Abstract
Barbituric acid is an organic compound containing a pyrimidine heterocyclic
skeleton. It is a water-soluble and odorless compound. Barbituric acid served as a
starting material for many barbiturate drugs. The variable properties of the products
achieved from barbituric acid motivate organic chemists to investigate its chemistry
and current developments have suggested it by multicomponent reactions (MCR).

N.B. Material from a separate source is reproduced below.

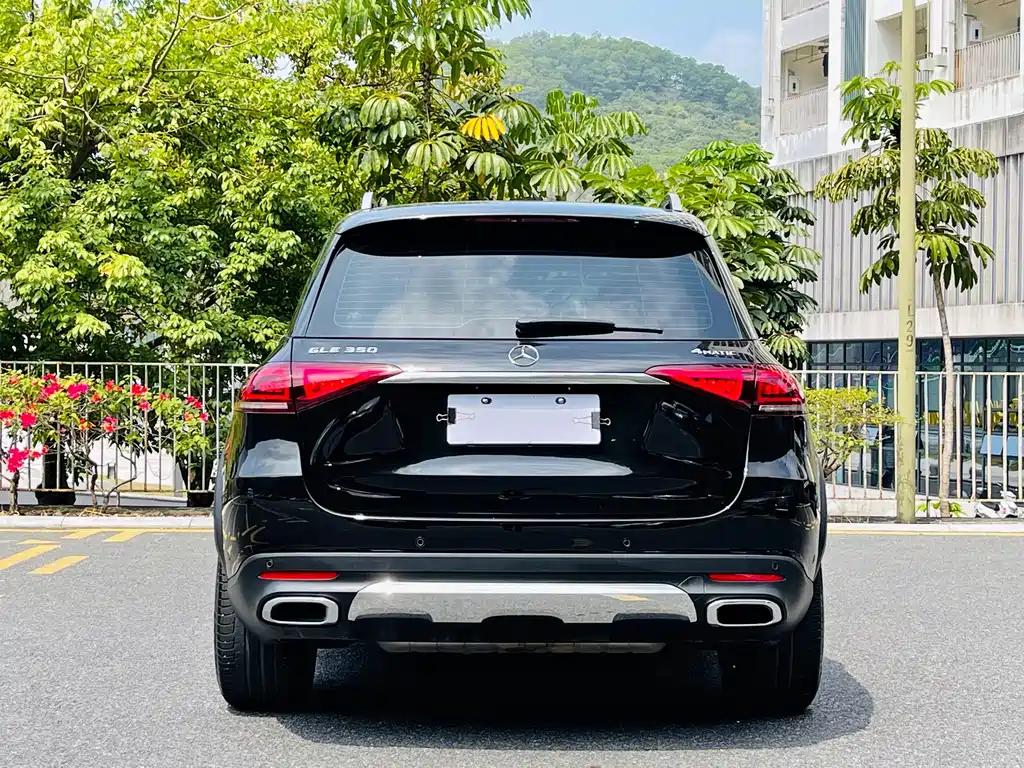 Mercedes-Benz GLE 2023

Barbituric acid and its derivatives, commonly known as barbiturates, are
important in pharmaceutical chemistry because they are fascinating building blocks for
synthesizing biologically active compounds. The first barbiturate to be prepared was
Barbital (5, 5-diethyl barbituric acid), and it is hypnotic and sedative and was used as
an anxiolytic and sleeping aid. Barbituric acid derivatives act on the central nervous
system and are used as sedatives, anxiolytics, anticonvulsants, and hypnotics. Recent
investigations show that barbituric acid derivatives may have applications in matrix
metalloproteinases, inhibiting collagen-ase-3 (MMP-3), anti-invasive, recombinant
cytochrome P450 enzymes, fungicides, methionine aminopeptidase-1 (MetAP-1),
herbicides, antibacterial, anti-tumor antiangiogenic, antioxidant, antiviral, and HIV-1
integrase inhibitors. Furthermore, recent literature accounts have shown that barbituric
acid derivatives may also perform as immune modulators. Barbituric acid has been
exploited in designing and preparing various types of carbocyclic and heterocyclic
compounds. An extensive range of multicomponent reactions utilize barbituric acid as
a starting material. By using the Knoevenagel condensation reaction, a wide range of
barbiturate drugs, that act as central nervous system depressants can be synthesized
using barbituric acid. Barbituric acid is a precursor in the laboratory production of
riboflavin (vitamin B2
).
Keywords: Barbituric acid, Chromeno[2, 3-d]pyrimidine-triones, Condensation Product, Heterocyclic Compounds, Knoevenagel Condensation, N-acylation, Nalkylation, O-methylation, Spirofuropyrimidines, Spirooxindoles, Thiobarbituric acid, Trisheterocyclic System.